▶ _Exercise_
Images in the records should be skipped while the rest is transcribed verbatim.

Captioned web images:
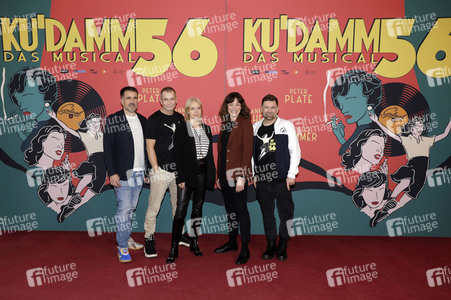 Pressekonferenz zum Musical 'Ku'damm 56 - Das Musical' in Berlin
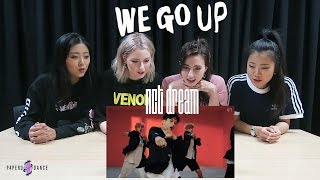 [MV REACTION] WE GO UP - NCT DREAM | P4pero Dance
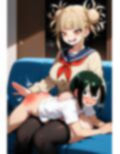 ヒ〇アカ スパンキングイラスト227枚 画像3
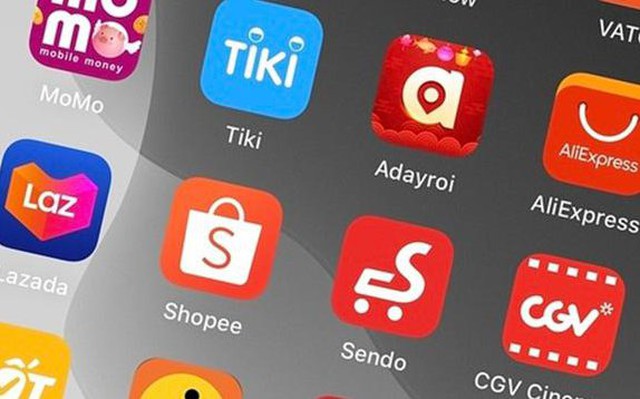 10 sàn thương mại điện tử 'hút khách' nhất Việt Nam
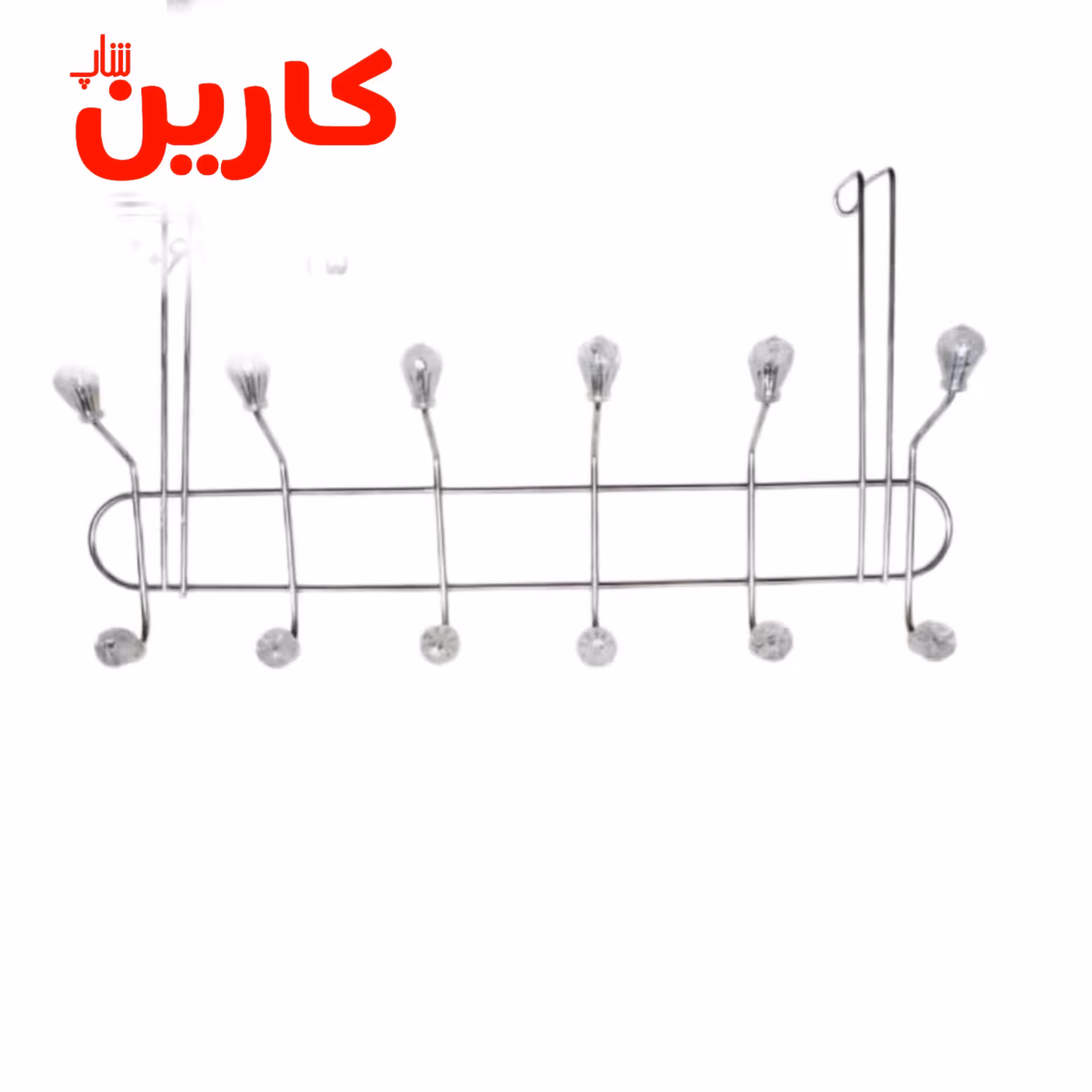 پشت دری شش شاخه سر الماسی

▶ _Task response_
 Pressekonferenz zum Musical 'Ku'damm 56 - Das Musical' in Berlin
 [MV REACTION] WE GO UP - NCT DREAM | P4pero Dance
 ヒ〇アカ スパンキングイラスト227枚 画像3
 10 sàn thương mại điện tử 'hút khách' nhất Việt Nam
 پشت دری شش شاخه سر الماسی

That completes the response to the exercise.